Greece’s move to sell bonds Thursday ends a four-year exile from international markets that saw it bailed out twice, carry out the world’s biggest sovereign debt restructuring and teeter on the brink of exiting the euro.

A car bomb exploded outside one of the Bank of Greece’s offices in central Athens this morning as a reminder of the upheaval that continues to rock the country almost four years after it resorted to calling for outside aid. Police said no one was injured in the bombing.

Greece seeks to raise 2.5 billion-euros ($3.5 billion) from the five-year bond issue, a Greek government official told reporters in Athens Wednesday. The book on the offering opens this morning, London time, said the official, who asked not to be identified because the process has not been completed.

“We welcome this,” Poul Thomsen, the International Monetary Fund’s mission chief to Greece, said Wednesday. “It’s a fundamental objective of the program to bring Greece back to market and this is an important milestone in this regard, and that clearly speaks to the success of the program.”

The Greek government has been shut out of bond markets since March 2010 and kept afloat with bailouts totaling 240 billion euros from the euro area and the IMF. Those funds necessitated the regular presence in Athens of officials from the so-called troika of the European Commission, the European Central Bank and the IMF, which became associated with austerity measures that triggered a political and social backlash.

Protests, strikes and even bombings have been regular occurrences in Greece since then. Thursday’s device exploded at about 6 a.m. outside a building belonging to the Bank of Greece, causing some damage to surrounding buildings, a police spokeswoman said by phone. Government spokesman Simos Kedikoglou said on Skai TV that the identity of the perpetrators is not known and the police are continuing their investigations.

Greece won approval this month from euro-area members for an 8.3 billion-euro aid payment, the first disbursement from its bailout program since December.

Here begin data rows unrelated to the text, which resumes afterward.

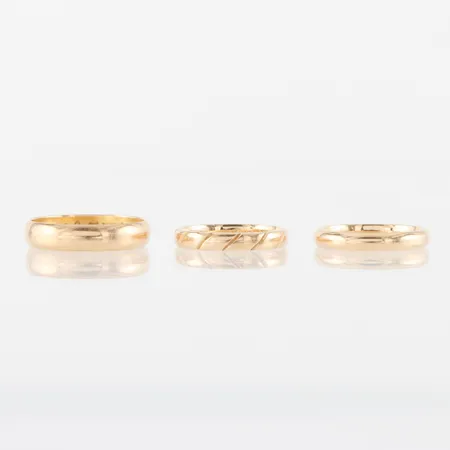 Ringar 3 st med gravyrer och slitage, 18k. Vikt: 9,1 g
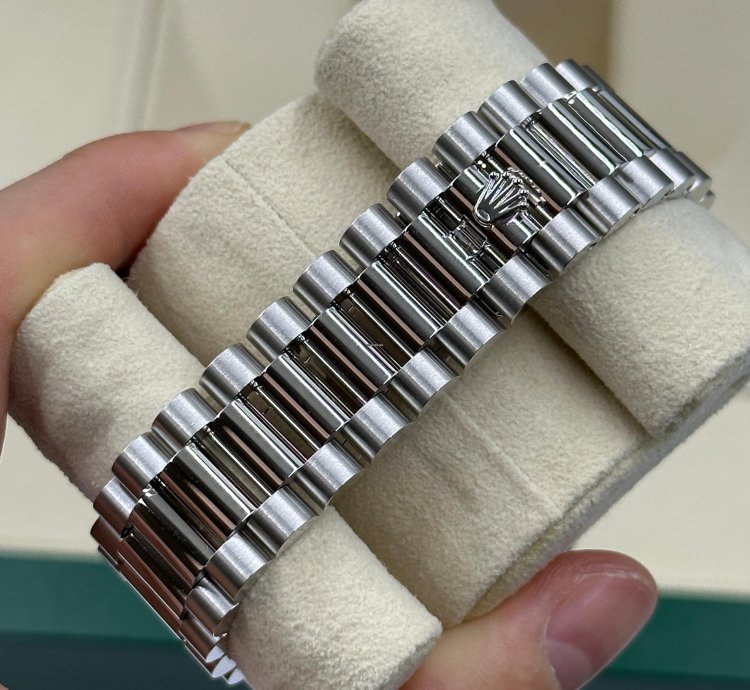 Rolex Day-date 40 228396tbr Ice Blue Roman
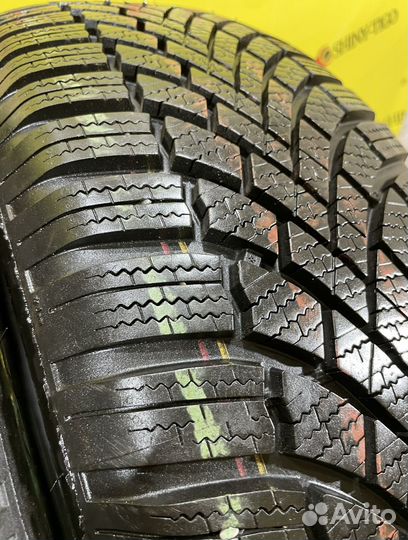 Bridgestone Blizzak LM-005 215/65 R17 103H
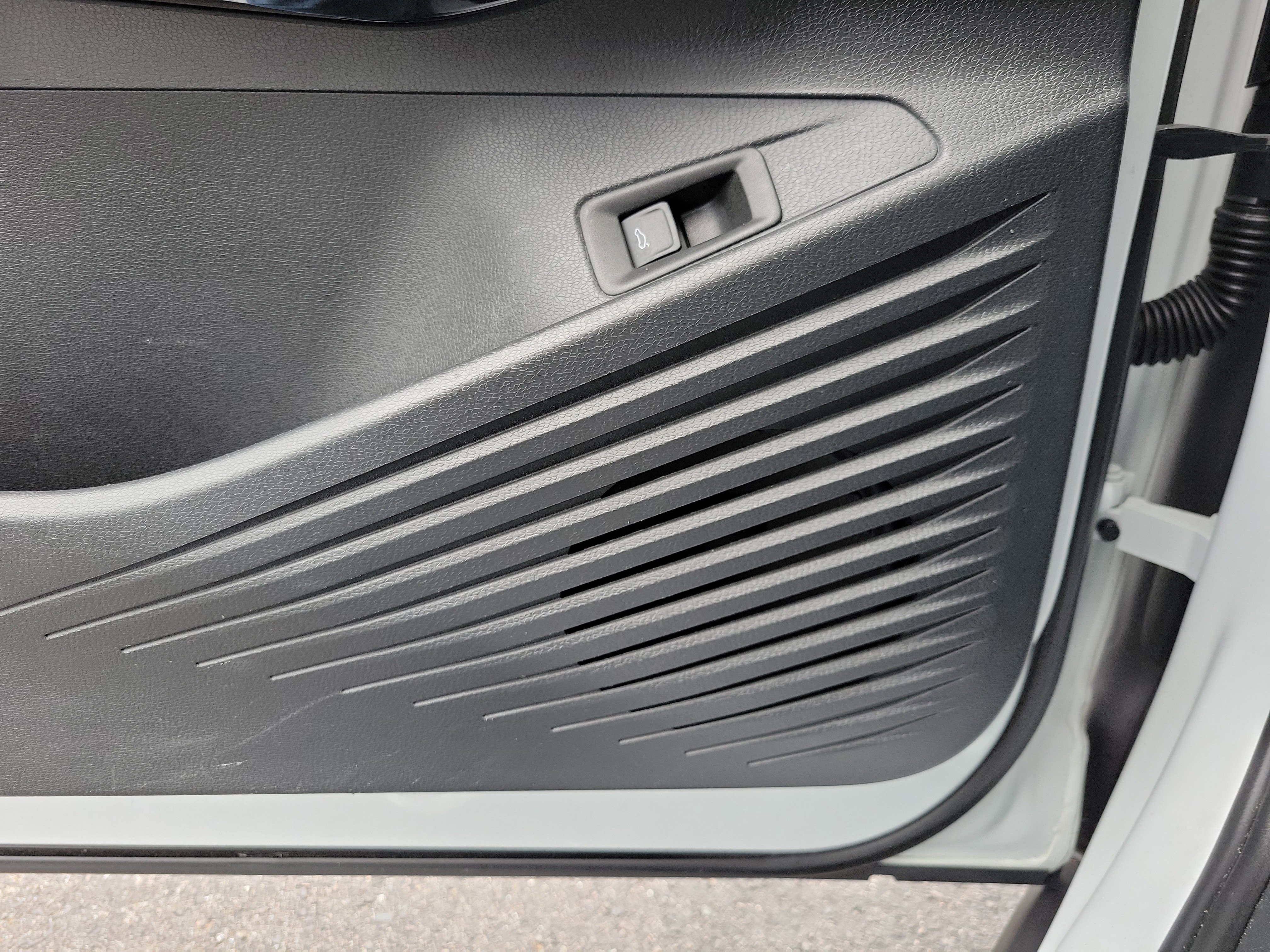 Used 2022 Volkswagen ID.4 Pro S image 18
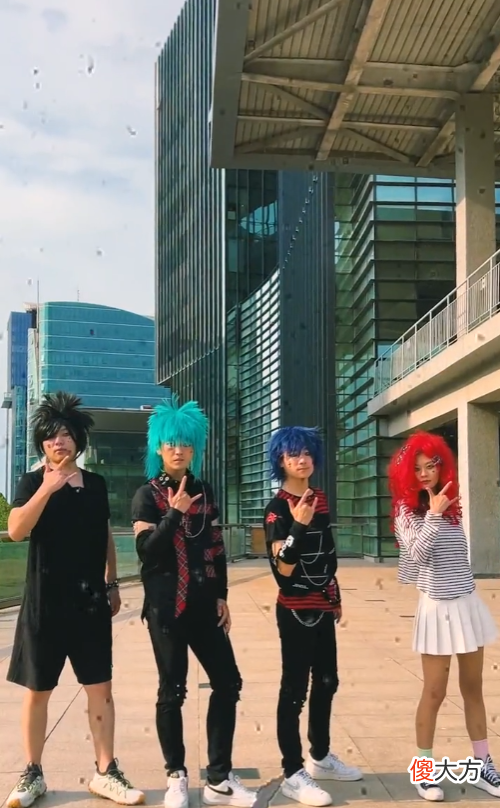 【游戏迷】葬爱家族回归！杀马特造型中关村大肆招人，永劫是首个入侵目标？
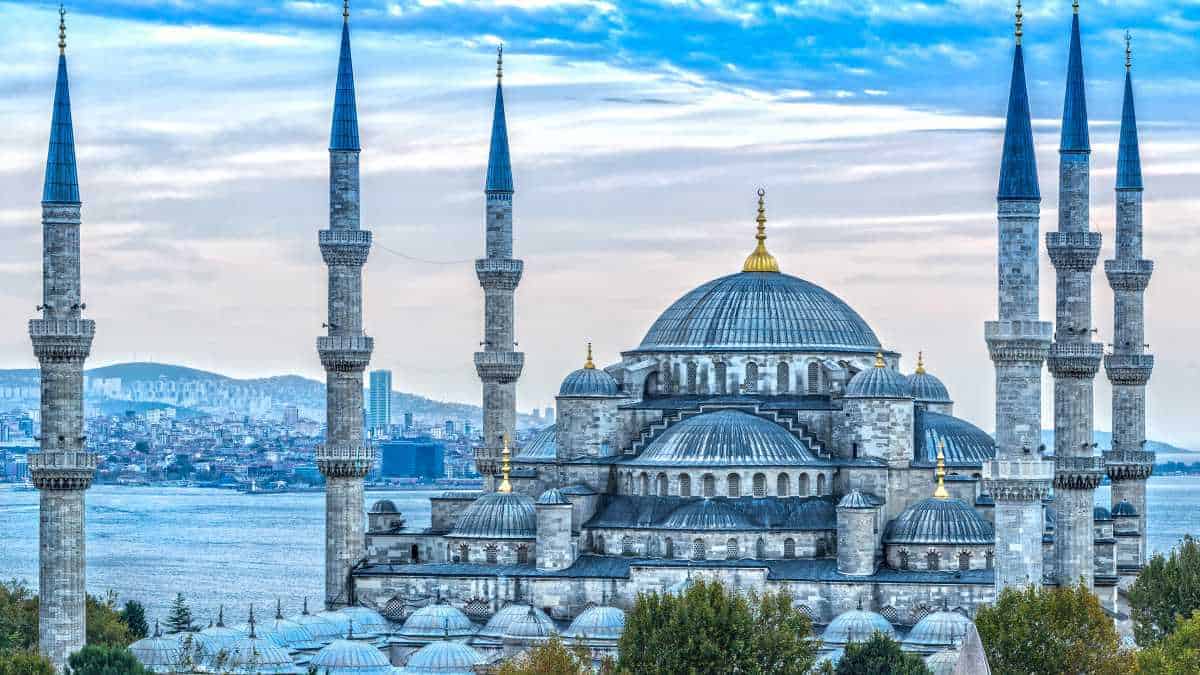 المسجد الازرق او جامع السلطان احمد بالصور من الداخل والخارج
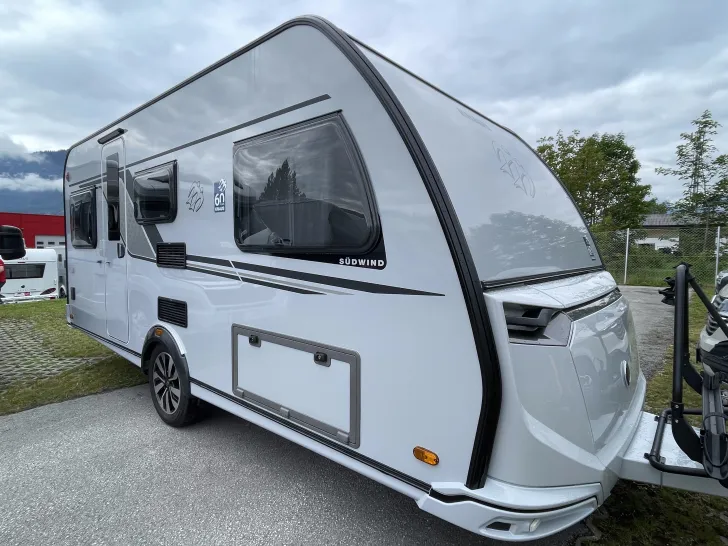Fahrzeugbild Knaus Südwind 460 EU 60 Years #4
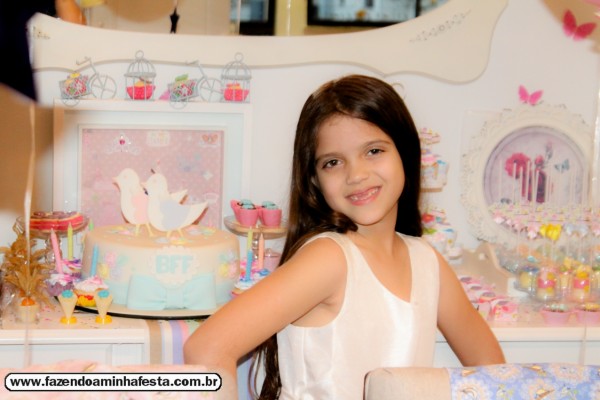 Ellerim muito feliz eu sua festinha de 8 anos para suas Melhores Amigas para Sempre!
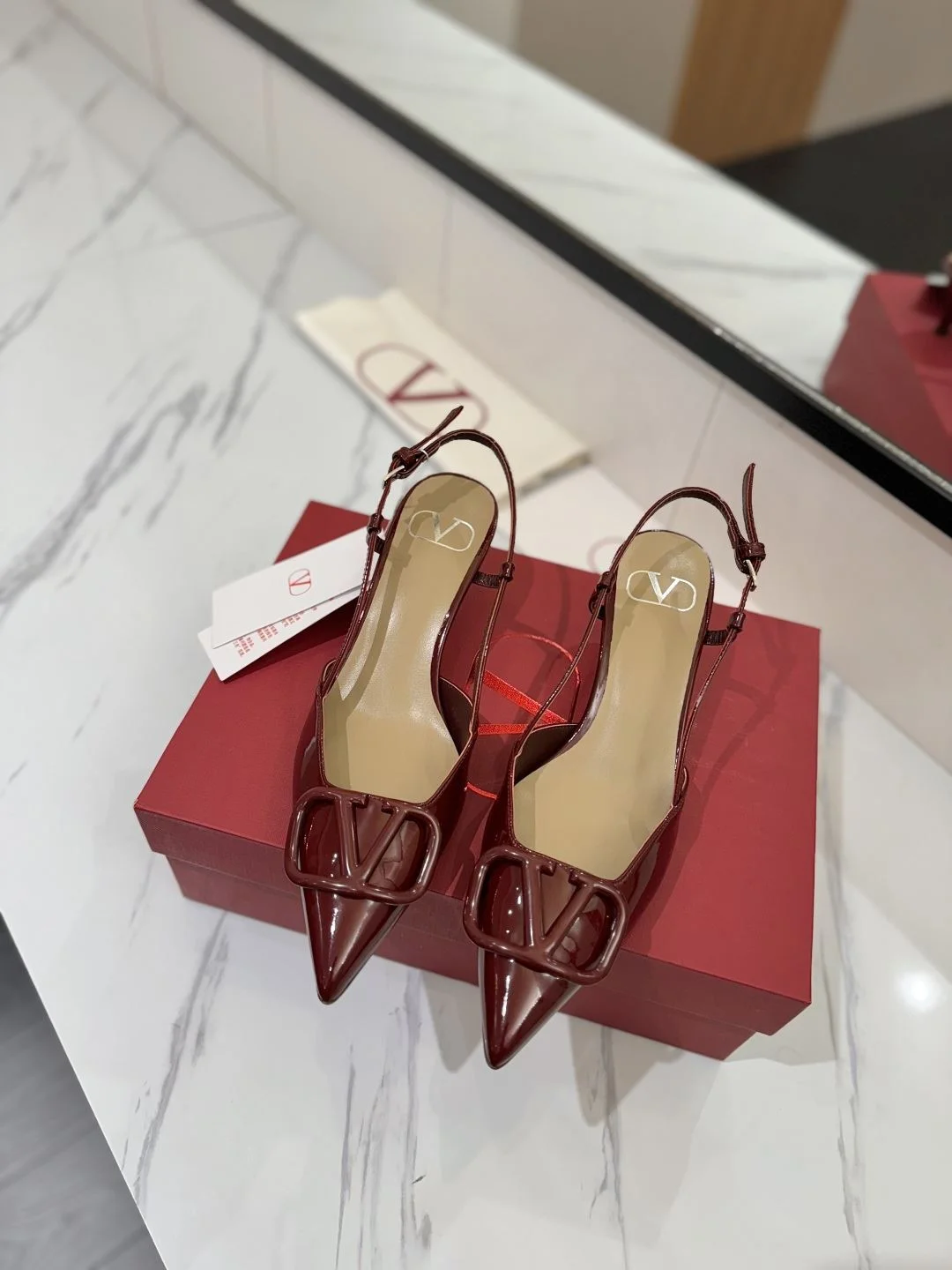 Valentino Sandals Sleek 36004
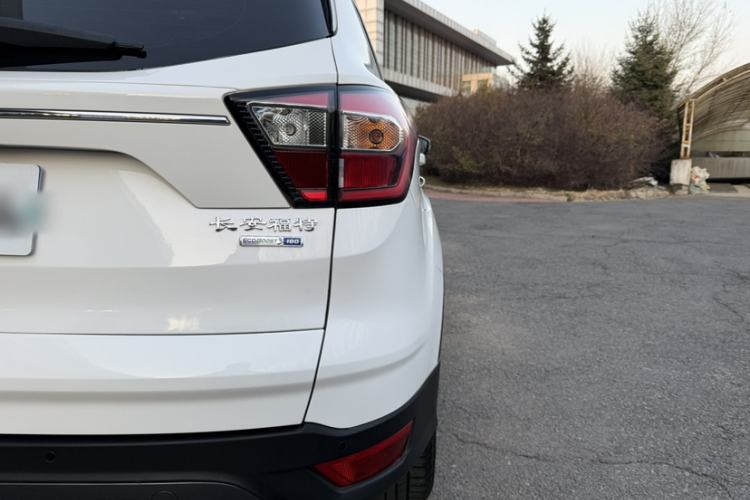 Used Ford Kuga 2019 EcoBoost 180 Two-Wheel-Drive Platinum Edition China VI Standard Exterior 6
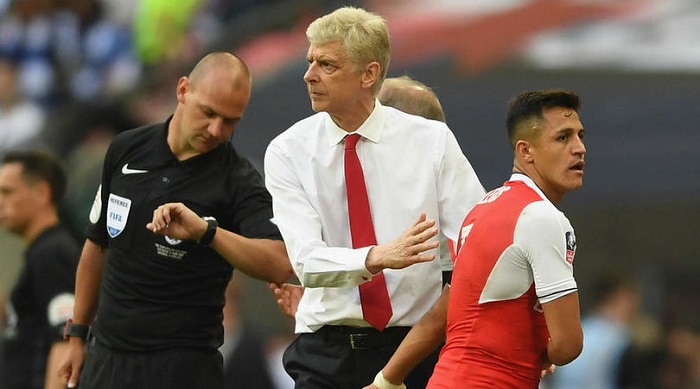 Arsenal's Arsene Wenger and Alexis Sanchez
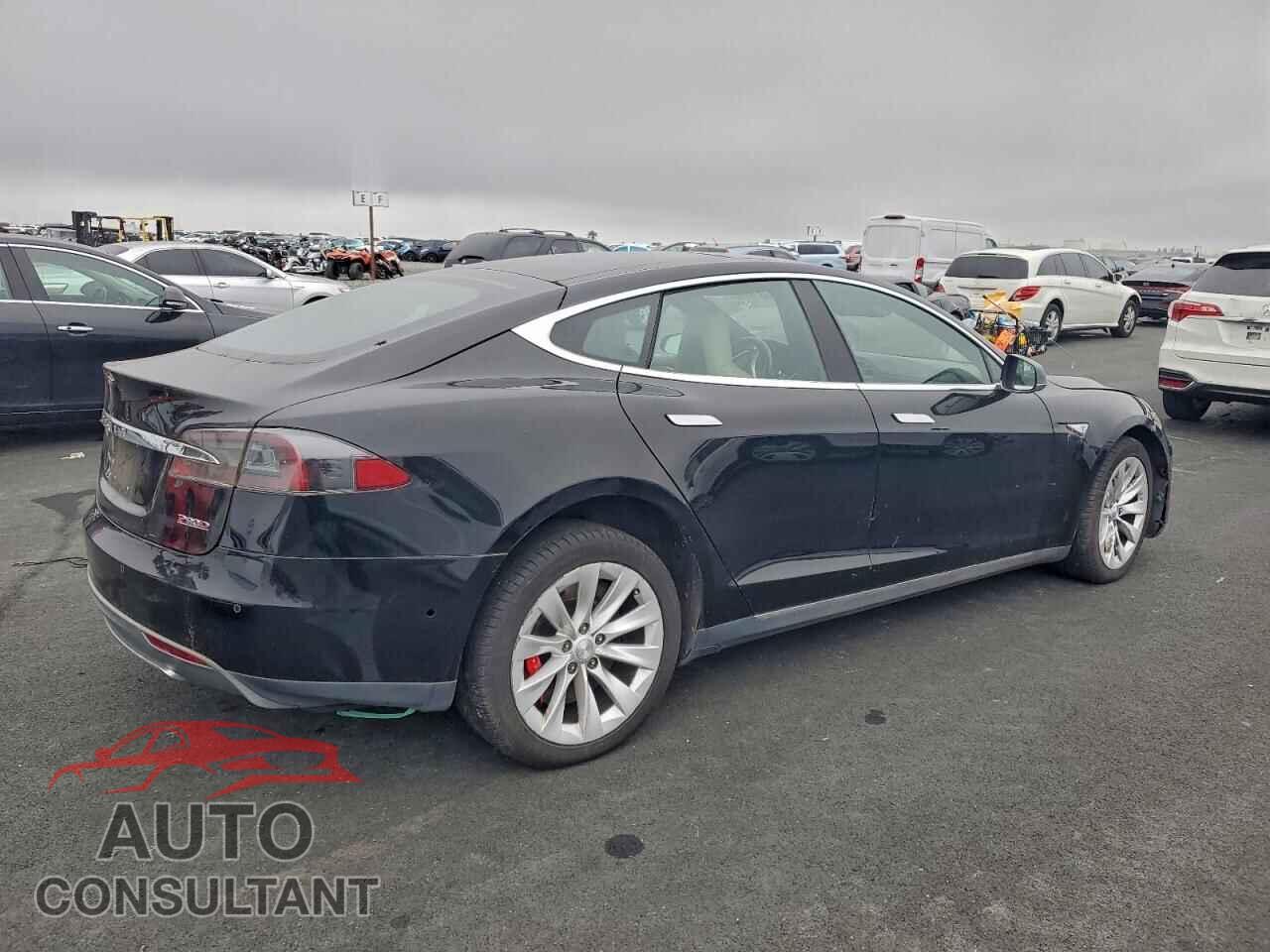 TESLA MODEL S 2015 - 5YJSA1E47FF110870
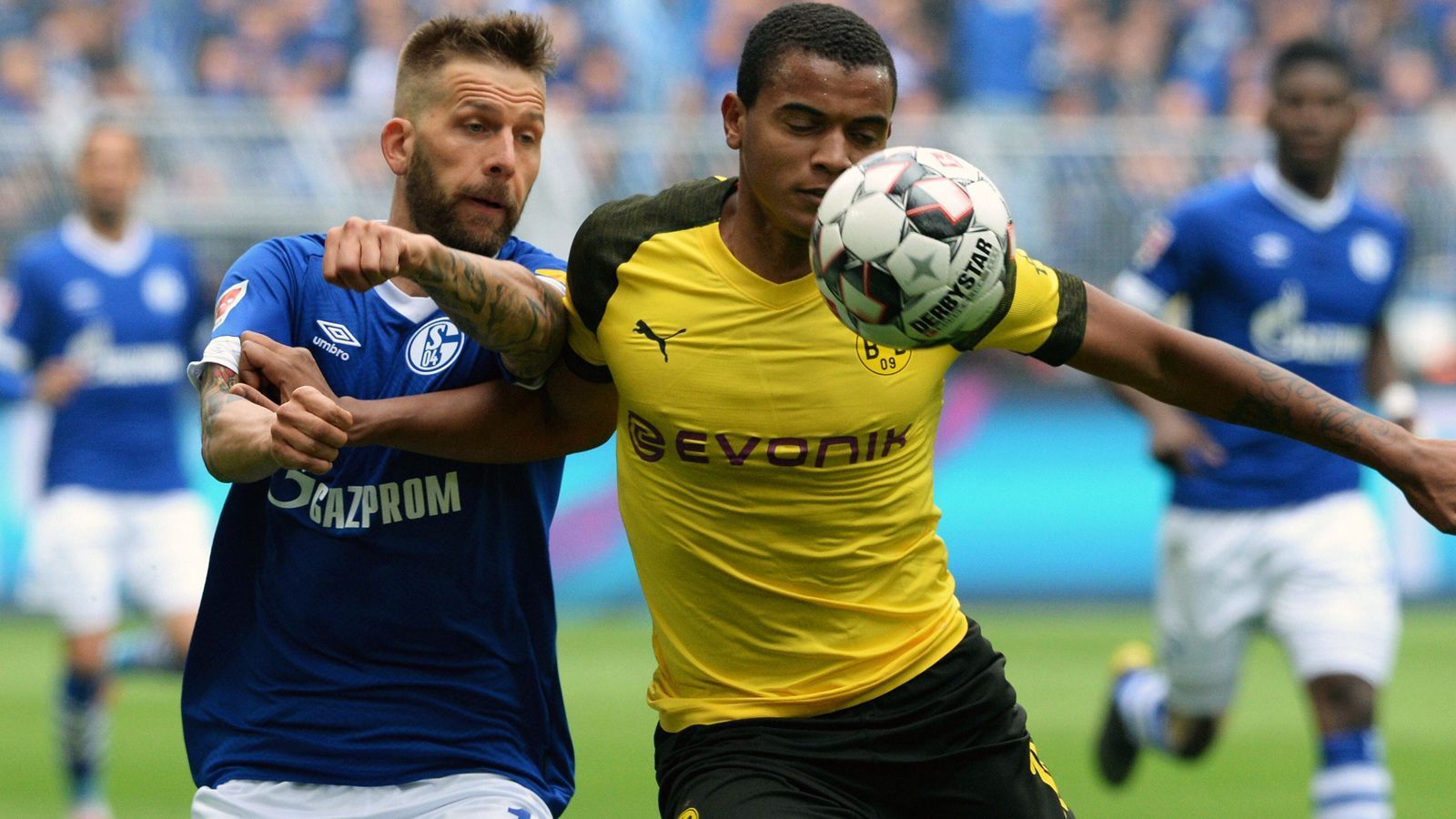 
                <strong>Manuel Akanji (Borussia Dortmund)</strong><br>
                Der Abwehrchef kann seine Mannschaft zu keinem Zeitpunkt wie gewohnt anführen. An den Gegentoren nicht beteiligt. Macht wie der gesamte Dortmunder Defensivverbund bei Schalker Angriffen aber keine gute Figur. ran-Note: 4
              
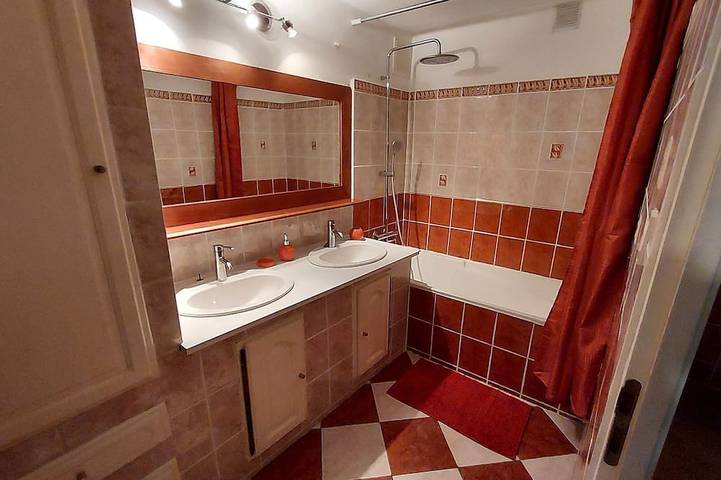 Location de vacances pour 4 personnes, avec terrasse à Vénéjan - 3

The government and European Union predict that Greece will this year emerge from six years of recession that has cost about a quarter of the country’s economic output and sent the unemployment rate surging to more than 27 percent.

The so-called initial price talk for the bond sale shows the nation may pay between 5 percent and 5.25 percent to borrow, according to a person familiar with the matter who asked not to be identified.

Demand was six times stronger than the amount to be issued, Kedikoglou said on Skai TV. “There was strong interest for the bond,” he said.